Synopsis:
The current analysis aims to build a machine learning algorithm to detect a spam SMS. SMS Spam Collection Data Set from UCI Machine Learning Repository has been used to train SVM models. The data contains a total of 5574 SMS messages with the corresponding label(spam/ham). The message is processed to build a numerical dataset on which Support Vector Machine Models are built and validated.
Load Data:
# Load Libraries
library(tm)
library(plyr)
library(class)
library(caret)
library(e1071)
library(knitr)
# Read data
rawdata <- read.csv("SMSSpamCollection",sep="\t",header=FALSE,quote="",stringsAsFactors=FALSE)
names(rawdata) <- c("Class","Message")
Sample Data
kable(rawdata[1:8,])
ham |
Go until jurong point, crazy.. Available only in bugis n great world la e buffet… Cine there got amore wat… |
ham |
Ok lar… Joking wif u oni… |
spam |
Free entry in 2 a wkly comp to win FA Cup final tkts 21st May 2005. Text FA to 87121 to receive entry question(std txt rate)T&C’s apply 08452810075over18’s |
ham |
U dun say so early hor… U c already then say… |
ham |
Nah I don’t think he goes to usf, he lives around here though |
spam |
FreeMsg Hey there darling it’s been 3 week’s now and no word back! I’d like some fun you up for it still? Tb ok! XxX std chgs to send, £1.50 to rcv |
ham |
Even my brother is not like to speak with me. They treat me like aids patent. |
ham |
As per your request ‘Melle Melle (Oru Minnaminunginte Nurungu Vettam)’ has been set as your callertune for all Callers. Press *9 to copy your friends Callertune |
Preprocessing:
- Considering the fact that normal messages have lesser numeric characters than spam messages, a new feature describing the total number of digits is added to the feature set.
- Also, SPAM messages are usually longer as marketing campaigns make use of most of the available characters.
- The text messages are then processed to build term document matrix, which contains the frequency of occurrences of each word over the whole messages(documents).
- Words which appeared less than three times in all the messages together as they might not have any significant influence in classification.

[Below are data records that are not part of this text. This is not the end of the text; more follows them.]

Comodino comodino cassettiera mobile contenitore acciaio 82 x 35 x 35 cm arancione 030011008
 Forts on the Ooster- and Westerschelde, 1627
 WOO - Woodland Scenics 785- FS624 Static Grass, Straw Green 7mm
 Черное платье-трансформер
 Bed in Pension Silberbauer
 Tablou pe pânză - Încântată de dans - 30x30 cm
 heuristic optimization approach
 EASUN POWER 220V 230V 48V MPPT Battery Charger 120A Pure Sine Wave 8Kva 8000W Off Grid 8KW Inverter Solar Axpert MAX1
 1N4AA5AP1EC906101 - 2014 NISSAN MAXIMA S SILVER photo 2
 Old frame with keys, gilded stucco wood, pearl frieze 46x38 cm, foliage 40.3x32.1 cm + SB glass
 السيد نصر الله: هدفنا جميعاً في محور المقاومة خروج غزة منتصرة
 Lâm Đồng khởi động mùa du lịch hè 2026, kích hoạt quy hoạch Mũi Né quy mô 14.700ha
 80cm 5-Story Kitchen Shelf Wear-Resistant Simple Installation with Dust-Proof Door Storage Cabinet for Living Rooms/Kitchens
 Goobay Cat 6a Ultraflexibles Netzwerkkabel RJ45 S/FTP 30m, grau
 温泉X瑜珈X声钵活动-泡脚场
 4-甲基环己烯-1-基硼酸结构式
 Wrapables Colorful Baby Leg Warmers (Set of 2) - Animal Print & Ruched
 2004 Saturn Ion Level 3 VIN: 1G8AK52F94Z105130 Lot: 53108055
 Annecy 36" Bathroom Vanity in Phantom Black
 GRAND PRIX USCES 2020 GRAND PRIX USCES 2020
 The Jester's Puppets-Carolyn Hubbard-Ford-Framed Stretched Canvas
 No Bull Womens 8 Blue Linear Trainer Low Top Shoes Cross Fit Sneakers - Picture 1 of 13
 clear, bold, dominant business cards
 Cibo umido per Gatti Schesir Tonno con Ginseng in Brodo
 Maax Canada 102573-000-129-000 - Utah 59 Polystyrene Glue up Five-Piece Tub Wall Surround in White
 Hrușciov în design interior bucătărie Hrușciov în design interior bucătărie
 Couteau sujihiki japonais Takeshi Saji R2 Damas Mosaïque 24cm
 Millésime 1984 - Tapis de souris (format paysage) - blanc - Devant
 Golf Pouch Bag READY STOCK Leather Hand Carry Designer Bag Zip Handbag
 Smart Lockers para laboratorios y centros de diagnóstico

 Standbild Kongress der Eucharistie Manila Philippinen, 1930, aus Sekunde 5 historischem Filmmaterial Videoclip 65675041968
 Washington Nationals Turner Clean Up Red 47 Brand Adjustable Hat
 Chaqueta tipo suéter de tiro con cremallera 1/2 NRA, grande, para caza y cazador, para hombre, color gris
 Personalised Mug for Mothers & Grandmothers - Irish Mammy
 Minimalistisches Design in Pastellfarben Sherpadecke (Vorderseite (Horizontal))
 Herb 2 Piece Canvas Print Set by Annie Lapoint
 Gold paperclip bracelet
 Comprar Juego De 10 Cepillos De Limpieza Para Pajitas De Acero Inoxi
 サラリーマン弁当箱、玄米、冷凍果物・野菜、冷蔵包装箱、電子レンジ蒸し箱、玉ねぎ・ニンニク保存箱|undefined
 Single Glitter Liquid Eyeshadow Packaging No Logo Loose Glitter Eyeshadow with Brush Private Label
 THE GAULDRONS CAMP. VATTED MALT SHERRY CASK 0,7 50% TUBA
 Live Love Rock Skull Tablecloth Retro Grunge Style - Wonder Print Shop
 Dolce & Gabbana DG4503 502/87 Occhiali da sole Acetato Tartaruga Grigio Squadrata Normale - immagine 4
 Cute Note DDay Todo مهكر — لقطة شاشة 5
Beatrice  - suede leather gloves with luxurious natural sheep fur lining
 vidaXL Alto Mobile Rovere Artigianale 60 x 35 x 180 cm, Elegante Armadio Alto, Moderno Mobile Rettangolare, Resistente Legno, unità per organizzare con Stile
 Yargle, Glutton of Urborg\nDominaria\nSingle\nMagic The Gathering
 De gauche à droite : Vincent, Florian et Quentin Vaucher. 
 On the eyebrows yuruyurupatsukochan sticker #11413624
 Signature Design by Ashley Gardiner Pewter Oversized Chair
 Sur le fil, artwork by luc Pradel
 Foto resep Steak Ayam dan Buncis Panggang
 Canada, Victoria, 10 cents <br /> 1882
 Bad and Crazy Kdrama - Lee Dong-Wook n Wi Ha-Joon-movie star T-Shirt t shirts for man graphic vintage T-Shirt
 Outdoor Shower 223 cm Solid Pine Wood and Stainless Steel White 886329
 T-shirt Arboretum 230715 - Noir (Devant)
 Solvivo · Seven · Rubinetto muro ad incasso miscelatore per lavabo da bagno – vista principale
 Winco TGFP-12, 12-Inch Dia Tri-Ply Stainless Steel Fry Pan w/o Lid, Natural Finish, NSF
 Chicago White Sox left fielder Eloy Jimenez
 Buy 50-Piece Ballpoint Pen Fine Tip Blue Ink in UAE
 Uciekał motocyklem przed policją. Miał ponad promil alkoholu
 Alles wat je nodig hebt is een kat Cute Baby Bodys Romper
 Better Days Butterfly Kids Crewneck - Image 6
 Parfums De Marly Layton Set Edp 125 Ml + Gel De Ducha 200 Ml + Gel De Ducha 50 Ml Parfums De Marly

# Find total number of characters in each SMS
NumberOfChar <- as.numeric(lapply(rawdata$Message,FUN=nchar))
# Find number of numeric digits in each SMS
number.digits <- function(vect) {
length(as.numeric(unlist(strsplit(gsub("[^0-9]", "", unlist(vect)), ""))))
}
NumberOfDigits <- as.numeric(lapply(rawdata$Message,FUN=number.digits))
# Function to clean text in the SMS
clean.text = function(x)
{
# tolower
x = tolower(x)
# remove punctuation
x = gsub("[[:punct:]]", "", x)
# remove numbers
x = gsub("[[:digit:]]", "", x)
# remove tabs
x = gsub("[ |\t]{2,}", "", x)
# remove blank spaces at the beginning
x = gsub("^ ", "", x)
# remove blank spaces at the end
x = gsub(" $", "", x)
# remove common words
x = removeWords(x,stopwords("en"))
return(x)
}
cleanText <- clean.text(rawdata$Message)
# Build Corpus
corpus <- Corpus(VectorSource(cleanText))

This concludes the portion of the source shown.